On another note, fibrinogen is converted into fibrin in the CNS where it potently activates microglia. Even though there are numerous ways to activate microglia, it would seem that increased BBB permeability in SPMS would allow fibrinogen and other blood components to leak into the CNS. Nattokinase is a very strong fibrinolytic enzyme derived from fermented soybeans. Thrombus Are blood clots made of fibrin, platelets and red and white blood cells that get trapped in them. Fibrin forms a type of mesh the clot uses as a scaffold. When endothelial cells lining the blood vessel or blood flow slows , the clotting mechanism gets activated. As MS lesions usually form around small blood vessels in the cerebrospinal fluid peravascular spaces, it seems reduced CSF flow and leaking blood components are key causes. CSF flow slows during inflammation and by reactive astrogliosis that disrupts the glymphatic system.

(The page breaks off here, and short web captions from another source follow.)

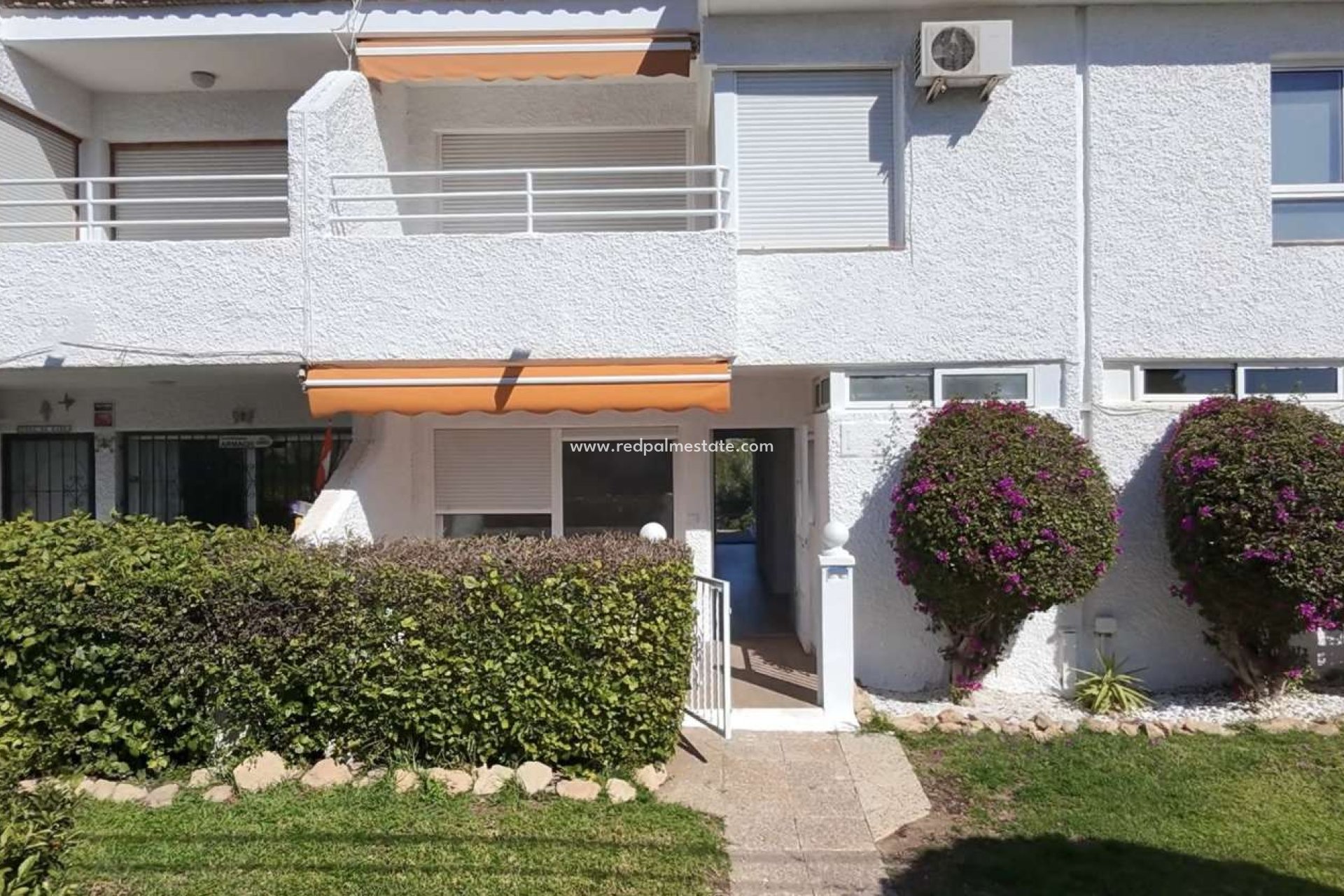 Återförsäljning - Bungalow -
Orihuela Costa - Inland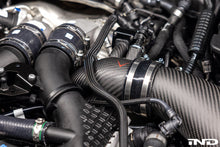 Load image into Gallery viewer, Eventuri Carbon Fiber Turbo Inlet Set - BMW M5 / M5 Touring (G90/G99) 2025-2027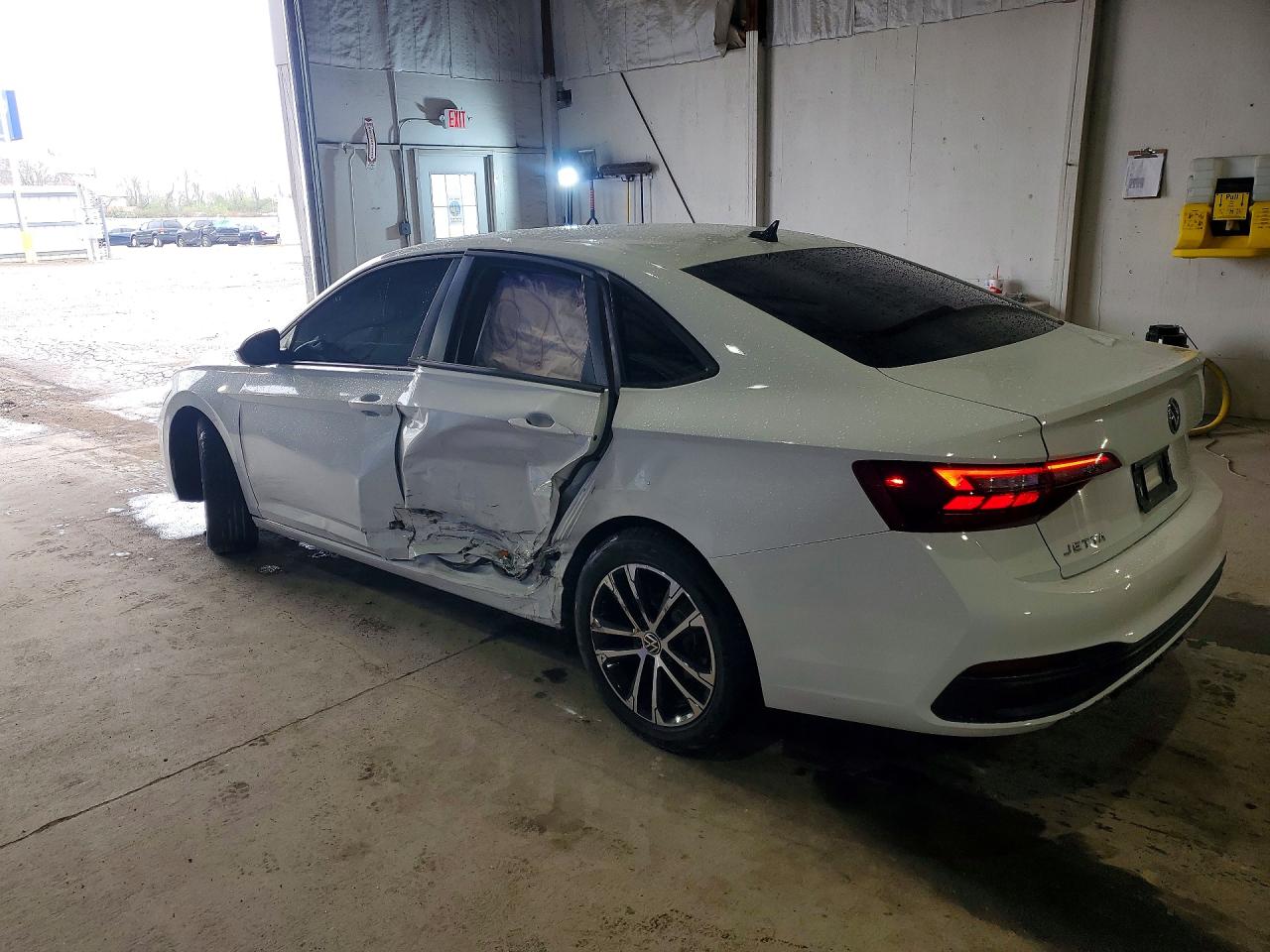 2024 VOLKSWAGEN JETTA SPORT photo 2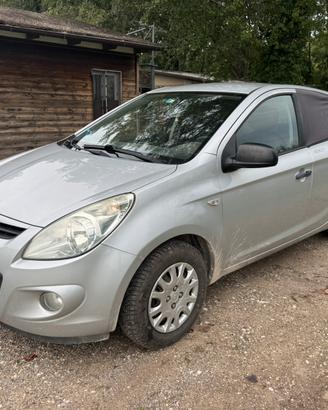 Hyundai i20 1.2 - Anno 2009 - € 1.500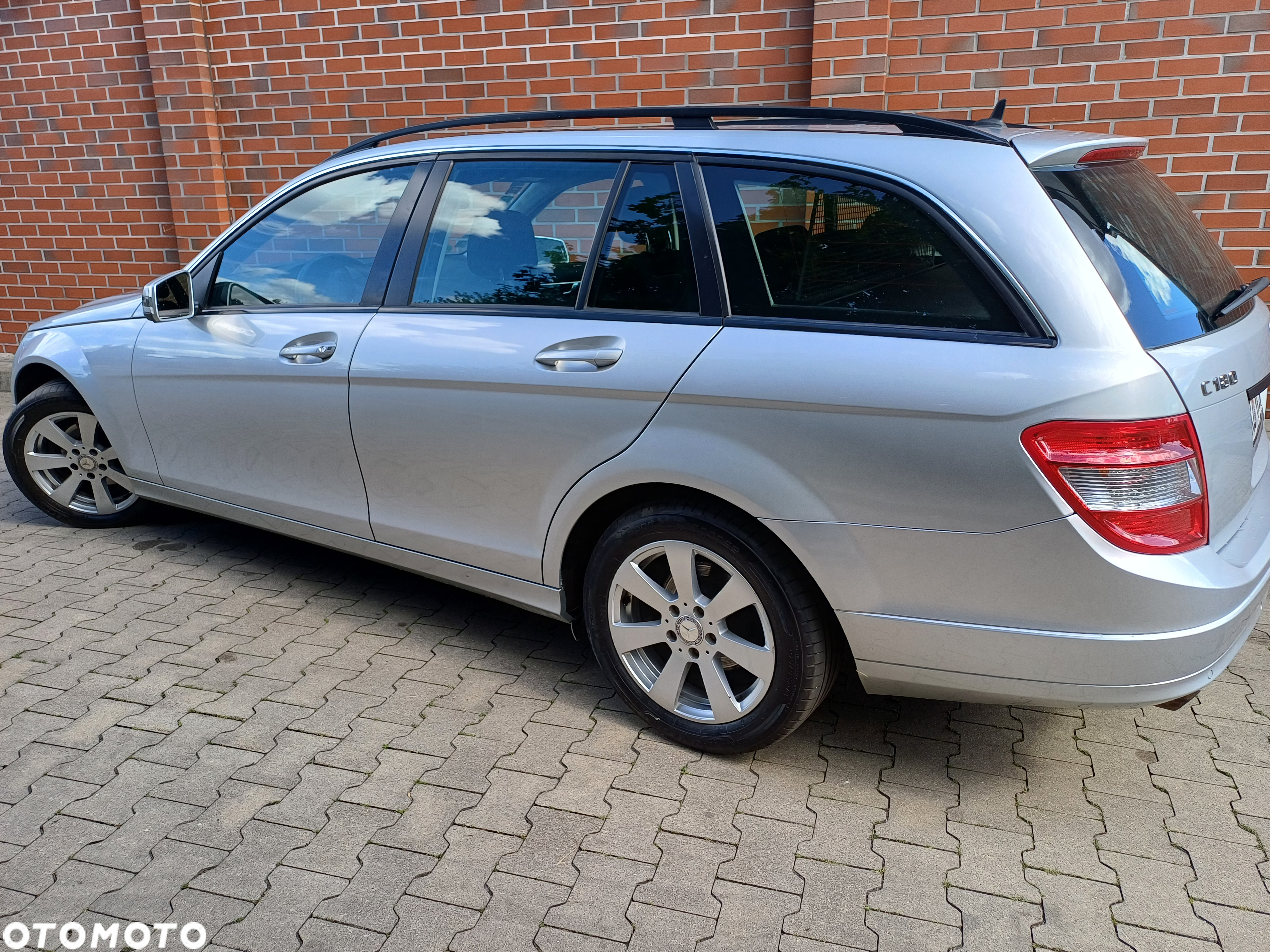 Mercedes-Benz Klasa C 180 T Kompressor Automatik - 6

The body produces plasmin to break down and dissolve blood clots and nattokinase is very similar to plasmin and can dissolve fibrin directly. Most blood clot dissolving drugs have to be taken by IV, but can’t be used in overhardened arteries. Nattokinase can be used orally, is natural, prevents fibrin and its formation, enhances the body’s endogenous fibrinolytic activity, and degrades fibrin and clots. It also acts for 8-12 hours, where the IV drugs wear off shortly after infusion. However, It can’t cross the BBB, but if it can reduce fibrinogen near the barrier, it seems that would help. Lumbrokinase is another potent fibrin dissolving enzyme that is derived from earthworms. It’s actually a group of 6 proteolytic enzymes that is only active in the presence of fibrin. It only dissolves fibrinogen and fibrin without hydrolyzing other blood proteins like plasminogen. Therefore, there’s little chance of causing hemorrhage by excessive fibrinolysis.